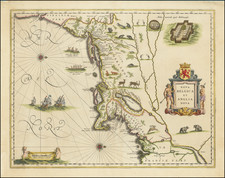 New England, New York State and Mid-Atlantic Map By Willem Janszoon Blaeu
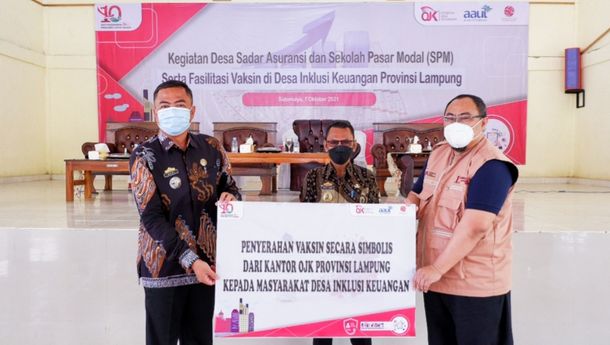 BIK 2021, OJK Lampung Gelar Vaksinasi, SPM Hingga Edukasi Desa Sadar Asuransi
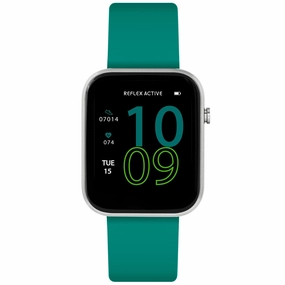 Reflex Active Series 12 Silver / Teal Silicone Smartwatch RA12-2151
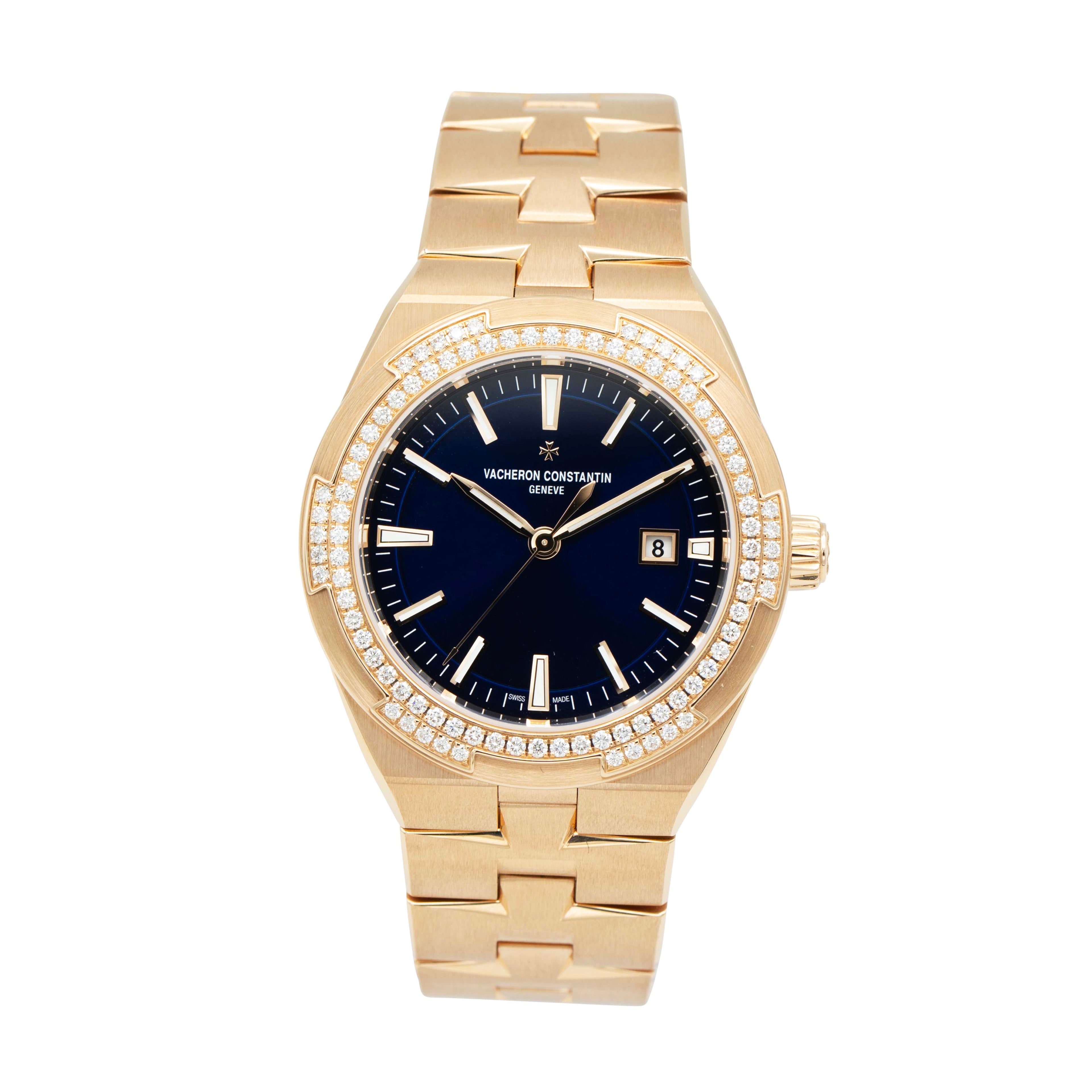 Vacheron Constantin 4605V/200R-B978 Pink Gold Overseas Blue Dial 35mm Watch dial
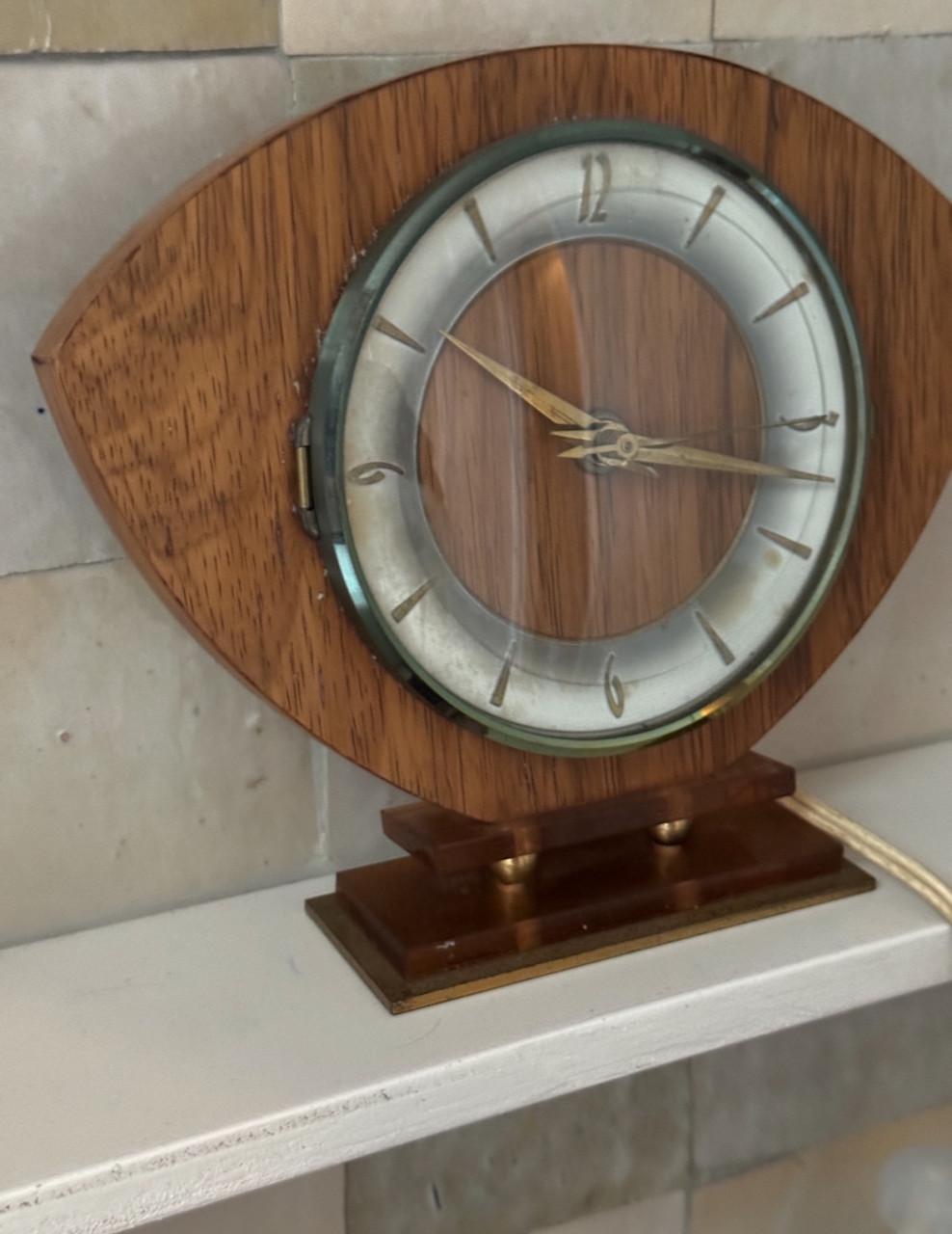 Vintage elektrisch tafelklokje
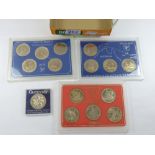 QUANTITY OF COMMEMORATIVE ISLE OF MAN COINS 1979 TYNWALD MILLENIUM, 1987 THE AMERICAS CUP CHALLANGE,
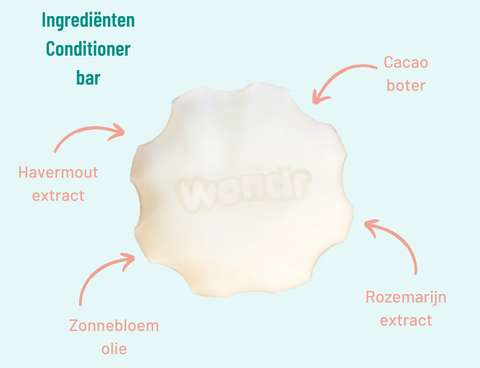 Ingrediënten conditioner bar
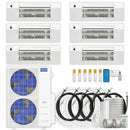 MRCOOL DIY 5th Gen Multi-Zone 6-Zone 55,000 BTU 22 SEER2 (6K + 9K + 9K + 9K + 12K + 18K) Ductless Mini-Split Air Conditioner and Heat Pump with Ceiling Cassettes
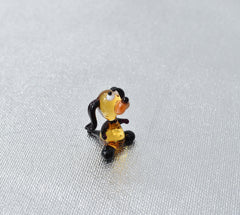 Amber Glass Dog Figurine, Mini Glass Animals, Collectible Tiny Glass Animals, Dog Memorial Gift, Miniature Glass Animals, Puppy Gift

--------------------

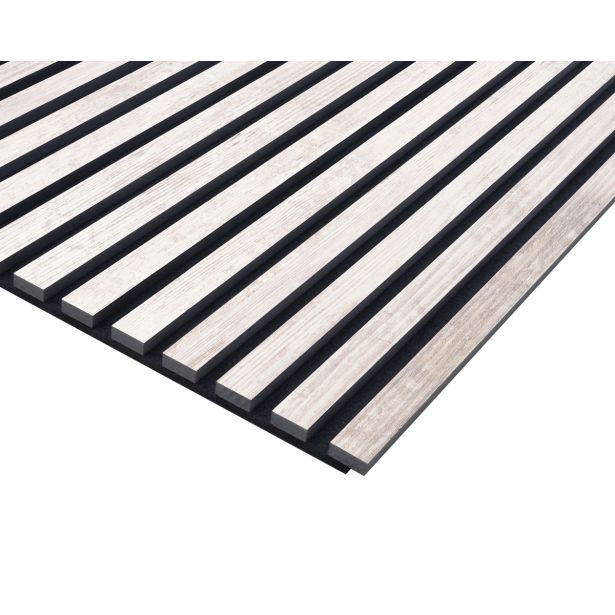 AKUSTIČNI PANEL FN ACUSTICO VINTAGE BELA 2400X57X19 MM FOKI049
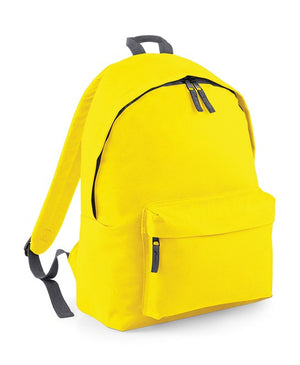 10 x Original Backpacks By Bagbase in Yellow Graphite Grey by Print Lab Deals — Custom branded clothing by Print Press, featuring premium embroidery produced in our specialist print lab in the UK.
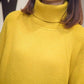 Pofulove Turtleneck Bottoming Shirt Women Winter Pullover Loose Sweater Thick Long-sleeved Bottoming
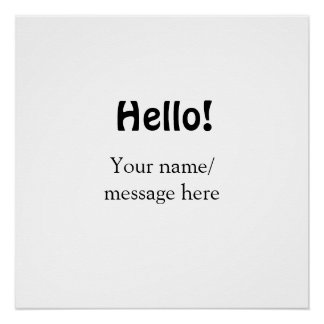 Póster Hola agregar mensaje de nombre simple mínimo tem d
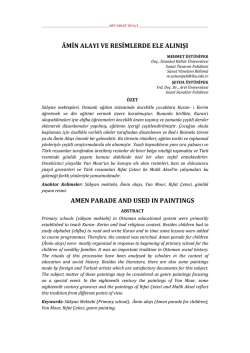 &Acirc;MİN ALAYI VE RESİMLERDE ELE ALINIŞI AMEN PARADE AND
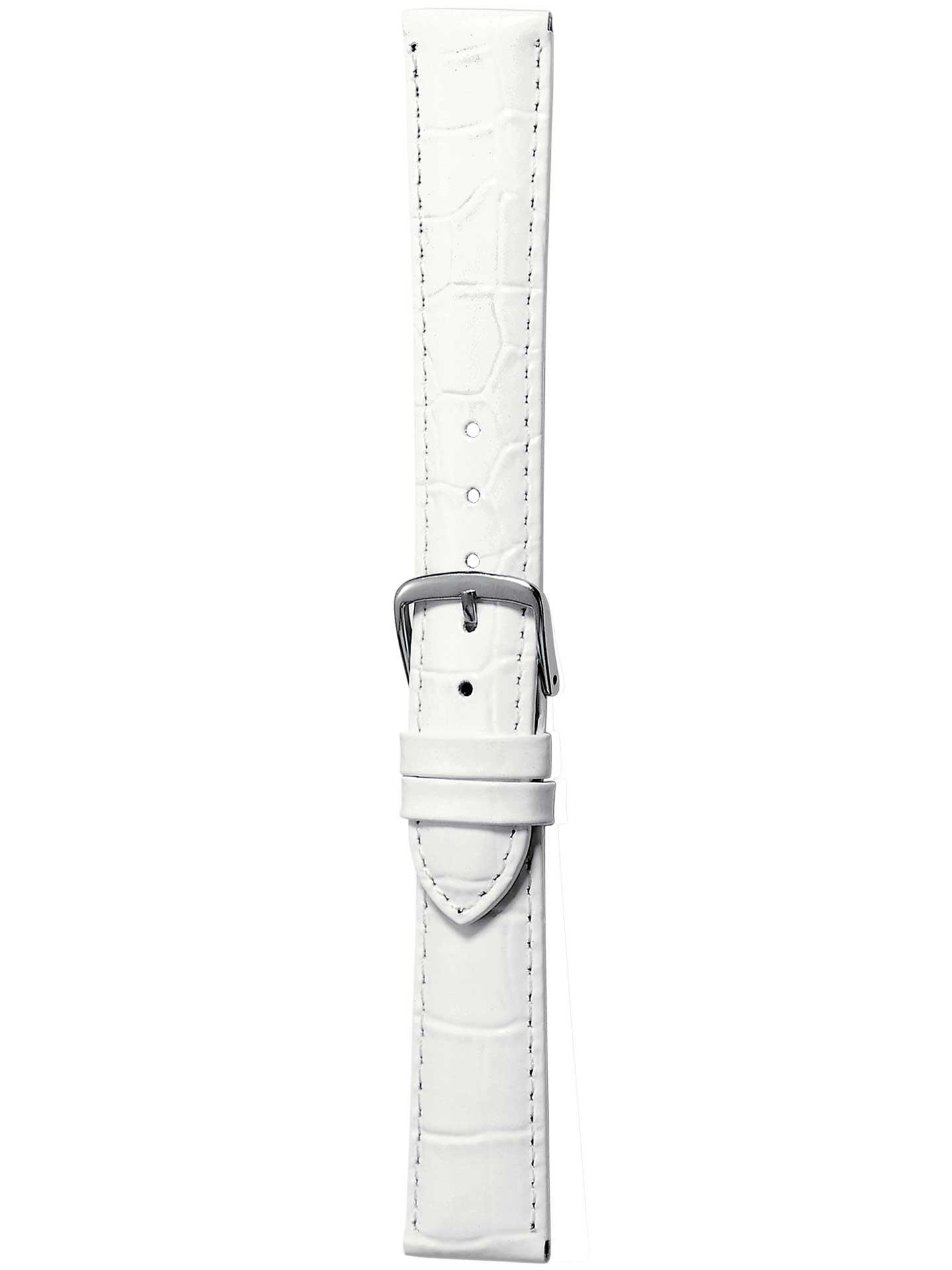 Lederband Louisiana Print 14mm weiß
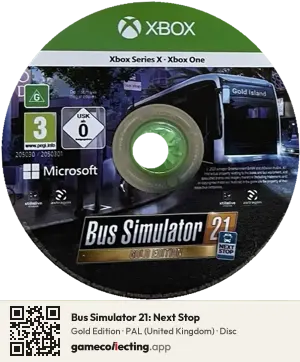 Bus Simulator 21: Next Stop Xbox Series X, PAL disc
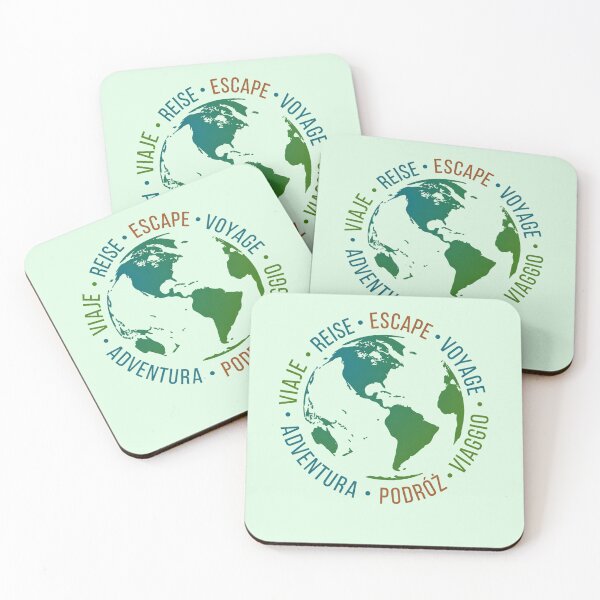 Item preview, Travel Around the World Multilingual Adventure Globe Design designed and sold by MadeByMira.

--------------------

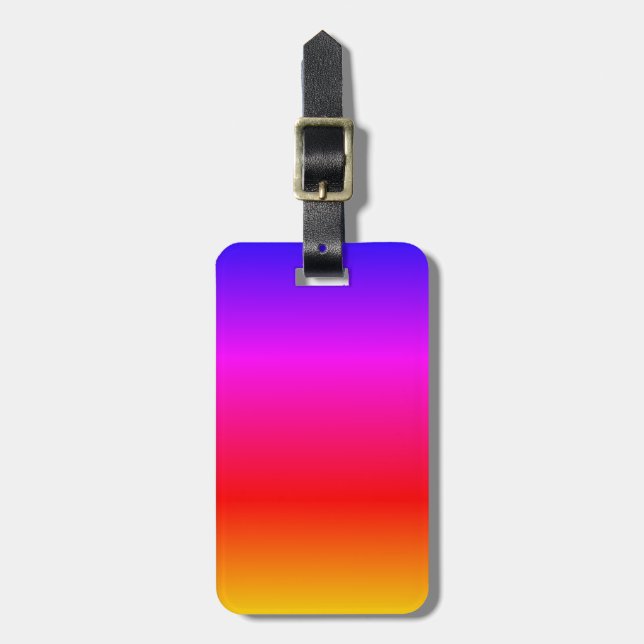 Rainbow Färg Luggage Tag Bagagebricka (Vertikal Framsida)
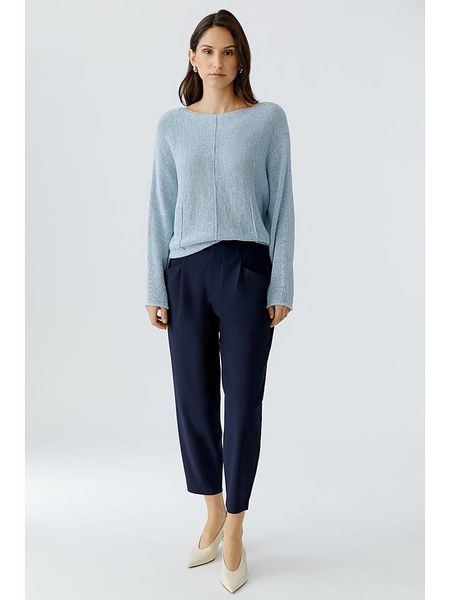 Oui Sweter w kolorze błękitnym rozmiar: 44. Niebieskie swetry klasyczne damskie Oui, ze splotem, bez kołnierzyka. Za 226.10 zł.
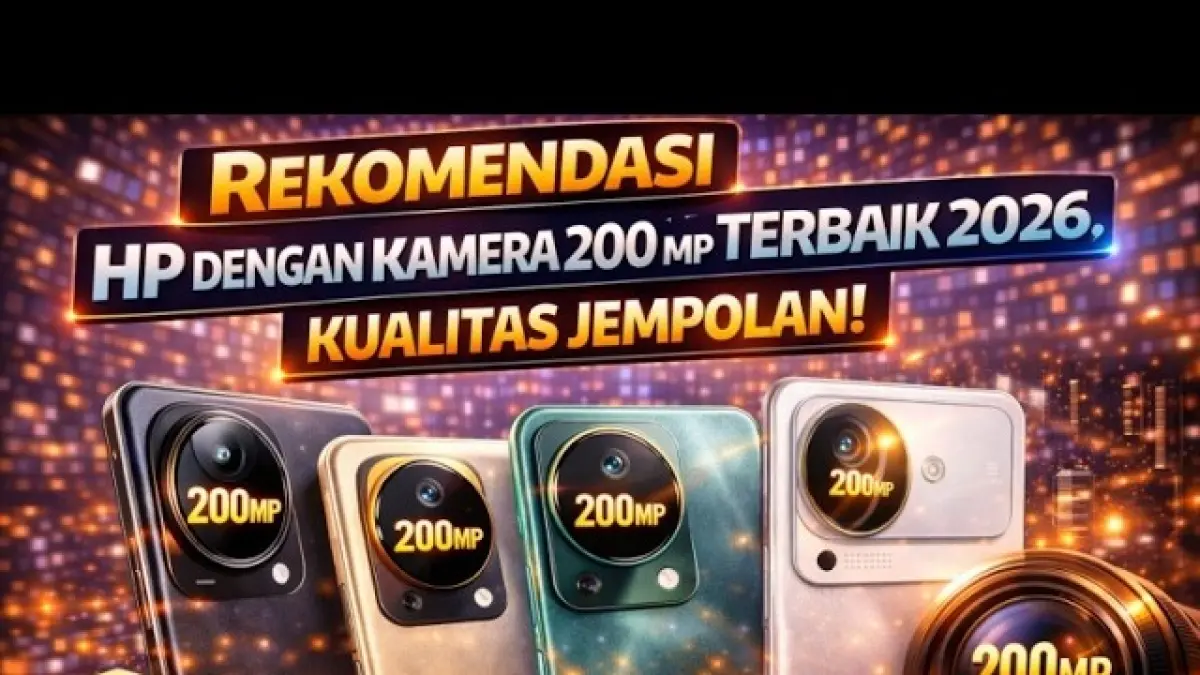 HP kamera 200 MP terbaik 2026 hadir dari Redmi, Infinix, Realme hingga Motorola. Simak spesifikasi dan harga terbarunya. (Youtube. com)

--------------------

WORK INSTRUCTIONS ::
From the records above, write out exactly the lines that begin at the line with "10 x Original" and end at the line with "Item preview, Travel". Pictures must not appear in the output.

EXERCISE RESULT ::
 10 x Original Backpacks By Bagbase in Yellow Graphite Grey by Print Lab Deals — Custom branded clothing by Print Press, featuring premium embroidery produced in our specialist print lab in the UK.
 Pofulove Turtleneck Bottoming Shirt Women Winter Pullover Loose Sweater Thick Long-sleeved Bottoming
 Póster Hola agregar mensaje de nombre simple mínimo tem d
 &Acirc;MİN ALAYI VE RESİMLERDE ELE ALINIŞI AMEN PARADE AND
 Lederband Louisiana Print 14mm weiß
 Bus Simulator 21: Next Stop Xbox Series X, PAL disc
 Item preview, Travel Around the World Multilingual Adventure Globe Design designed and sold by MadeByMira.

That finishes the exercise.